У Вити Легкобыта часто собирались любители азартных картёжных игр - Ляра, его брат Сергей, Толик Данченко, Вовка Зиненко, мой брат Изя, ну и он сам. Зимой картёжники собирались в квартире, а в тёплое время года в чуланчике или в сарае. Собиралось, обычно, человек 5 – 6. И было от табачища не продохнуть. Всё было заполнено густым табачным дымом и не менее густым матом. Играли обычно в очко; на деньги. Я (пожалуй, единственный) никогда на деньги не играл (хоть мне и предлагали). Но наблюдать эти изнуряющие, изматывающие, длящиеся часами сражения не отказывался.
Напряжённые лица, психологические сцены. У каждого в губах зажата папироса; от неё поднимается дым; сморщенные от дыма лица. Все делают ставки. Банкир сдаёт карты, потом играет с каждым. После каждой карты спрашивает: «Ещё?» Потом карты раскрывают. Выигрывает тот, у кого больше очков. Выдерживать эти многочасовые ристалища мне - стороннему наблюдателю было тяжело, но я почему-то сидел; сидел и смотрел; часами. Упрямства (или дурости) мне было не занимать. Играли по мелкому, ставки были небольшими и обычно максимальный выигрыш (или проигрыш) не превышал нескольких (одного–двух) рублей. Впрочем, тогда эти деньги (для неработающих пацанов) были немалыми.
Ну а когда все стали старше, то к картам добавились вино и водка. И мне опять таки удалось (легко!) удержаться от очередных соблазнов. Тяги к спиртному я никогда и никакой не испытывал. Не пил и всё тут!

Помню ещё, что у Вити был взрослый велосипед. Он рано начал кататься на нём; часто с ним возился; менял шины, смазывал. Как-то, мы целой (школьной) компанией отправились за город по гомельскому шоссе. У меня велосипеда не было, и я путешествовал вместе с ним; он меня вёз на раме перед собой.

Мы жили на улице Куйбышева, а по перпендикулярной к ней Комсомольской, по воскресеньям, возвращались с базара домой крестьяне из черниговских сёл. Летом ехали на телегах, а зимой - на санях. И ребята - Витька Легкобыт, Ляра и Толик Данченко – додумались на этом заработать; организовали на Комсомольской улице платный водопой крестьянских лошадей.

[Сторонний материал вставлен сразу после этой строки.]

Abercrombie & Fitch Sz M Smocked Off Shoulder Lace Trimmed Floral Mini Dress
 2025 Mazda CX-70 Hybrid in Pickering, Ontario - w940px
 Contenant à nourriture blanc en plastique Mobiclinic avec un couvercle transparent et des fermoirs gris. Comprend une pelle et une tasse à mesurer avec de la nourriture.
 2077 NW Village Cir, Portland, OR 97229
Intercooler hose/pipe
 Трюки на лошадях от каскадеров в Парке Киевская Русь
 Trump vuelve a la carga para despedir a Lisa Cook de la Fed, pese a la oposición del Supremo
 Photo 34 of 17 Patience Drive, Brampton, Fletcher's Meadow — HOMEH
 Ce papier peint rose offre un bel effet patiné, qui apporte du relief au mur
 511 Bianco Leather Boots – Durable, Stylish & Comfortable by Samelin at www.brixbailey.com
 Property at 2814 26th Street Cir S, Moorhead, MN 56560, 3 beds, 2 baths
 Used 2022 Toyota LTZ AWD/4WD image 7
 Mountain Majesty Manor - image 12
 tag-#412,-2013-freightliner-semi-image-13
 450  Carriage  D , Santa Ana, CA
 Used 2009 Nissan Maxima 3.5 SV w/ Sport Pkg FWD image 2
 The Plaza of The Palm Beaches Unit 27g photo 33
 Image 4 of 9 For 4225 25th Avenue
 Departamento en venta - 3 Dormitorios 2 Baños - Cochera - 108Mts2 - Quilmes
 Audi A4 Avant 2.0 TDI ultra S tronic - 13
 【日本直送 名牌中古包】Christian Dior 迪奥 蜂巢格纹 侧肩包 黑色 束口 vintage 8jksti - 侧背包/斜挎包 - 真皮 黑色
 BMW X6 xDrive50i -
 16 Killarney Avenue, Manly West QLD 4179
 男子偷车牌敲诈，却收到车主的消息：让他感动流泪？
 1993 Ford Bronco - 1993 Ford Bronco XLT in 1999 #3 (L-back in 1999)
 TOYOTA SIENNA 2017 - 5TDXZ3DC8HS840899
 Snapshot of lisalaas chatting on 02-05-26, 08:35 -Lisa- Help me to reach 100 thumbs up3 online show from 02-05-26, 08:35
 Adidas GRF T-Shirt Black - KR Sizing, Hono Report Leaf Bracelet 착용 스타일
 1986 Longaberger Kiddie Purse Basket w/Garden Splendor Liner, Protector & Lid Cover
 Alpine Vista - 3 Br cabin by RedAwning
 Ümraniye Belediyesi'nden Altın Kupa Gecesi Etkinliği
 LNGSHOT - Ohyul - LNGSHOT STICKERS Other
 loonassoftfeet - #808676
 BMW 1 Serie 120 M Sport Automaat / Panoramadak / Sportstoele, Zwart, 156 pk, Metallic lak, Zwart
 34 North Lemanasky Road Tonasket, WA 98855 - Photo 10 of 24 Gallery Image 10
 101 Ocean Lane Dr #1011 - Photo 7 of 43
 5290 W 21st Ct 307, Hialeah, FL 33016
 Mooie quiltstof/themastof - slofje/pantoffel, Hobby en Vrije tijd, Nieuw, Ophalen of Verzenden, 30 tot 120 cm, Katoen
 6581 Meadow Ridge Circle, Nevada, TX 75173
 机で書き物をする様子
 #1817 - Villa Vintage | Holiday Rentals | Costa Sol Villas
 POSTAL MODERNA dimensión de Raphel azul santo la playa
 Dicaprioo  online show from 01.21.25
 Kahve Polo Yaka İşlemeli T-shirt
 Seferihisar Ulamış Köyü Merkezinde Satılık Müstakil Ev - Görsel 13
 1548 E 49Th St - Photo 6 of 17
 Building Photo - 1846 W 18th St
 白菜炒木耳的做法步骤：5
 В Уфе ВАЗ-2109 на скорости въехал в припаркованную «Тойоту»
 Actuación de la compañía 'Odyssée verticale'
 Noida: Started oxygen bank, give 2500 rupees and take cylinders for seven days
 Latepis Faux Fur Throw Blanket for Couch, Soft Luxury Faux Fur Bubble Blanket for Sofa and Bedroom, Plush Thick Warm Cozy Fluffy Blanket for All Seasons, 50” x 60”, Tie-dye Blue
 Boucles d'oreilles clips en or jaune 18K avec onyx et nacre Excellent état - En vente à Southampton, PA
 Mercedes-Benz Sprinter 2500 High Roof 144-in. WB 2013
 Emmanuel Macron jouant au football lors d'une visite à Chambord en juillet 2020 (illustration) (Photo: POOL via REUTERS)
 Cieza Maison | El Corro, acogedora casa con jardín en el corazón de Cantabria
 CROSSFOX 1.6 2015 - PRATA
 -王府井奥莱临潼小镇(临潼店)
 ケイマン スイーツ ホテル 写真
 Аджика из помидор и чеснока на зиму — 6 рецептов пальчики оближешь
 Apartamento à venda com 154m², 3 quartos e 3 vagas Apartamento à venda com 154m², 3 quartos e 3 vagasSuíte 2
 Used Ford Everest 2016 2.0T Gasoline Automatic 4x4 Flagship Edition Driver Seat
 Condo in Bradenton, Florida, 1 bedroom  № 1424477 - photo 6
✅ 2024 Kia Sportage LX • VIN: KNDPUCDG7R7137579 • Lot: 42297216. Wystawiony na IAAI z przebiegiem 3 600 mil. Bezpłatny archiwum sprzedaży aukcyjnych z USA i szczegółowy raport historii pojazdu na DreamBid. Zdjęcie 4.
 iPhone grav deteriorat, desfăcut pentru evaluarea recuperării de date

Воду брали из водоколонки (во дворе на Куйбышева 17). Заполняли ею взятые из дому вёдра, выставляли их вдоль дороги на Комсомольской и настойчиво предлагали воду крестьянам, по 20 копеек за ведро воды. Мы с интересом и участием за этим процессом наблюдали, разумеется, желали удачи продавцам, и им помогали. Таскали воду и смотрели как разгорячённые лошади, фыркая, жадно и шумно выпивали ведро за ведром. На водопое за несколько часов можно было заработать несколько рублей. Деньги потом шли на мороженное и курево.
Витя служил в армии и после неё работал водителем автобуса. А умер молодым; трагически. О таких историях, иногда, пишут в газетах, в разделе происшествия. Было прохладно, и он в гараже решил погреться. Включил в машине двигатель, потеплело, он заснул в кабине и отравился выхлопными газами!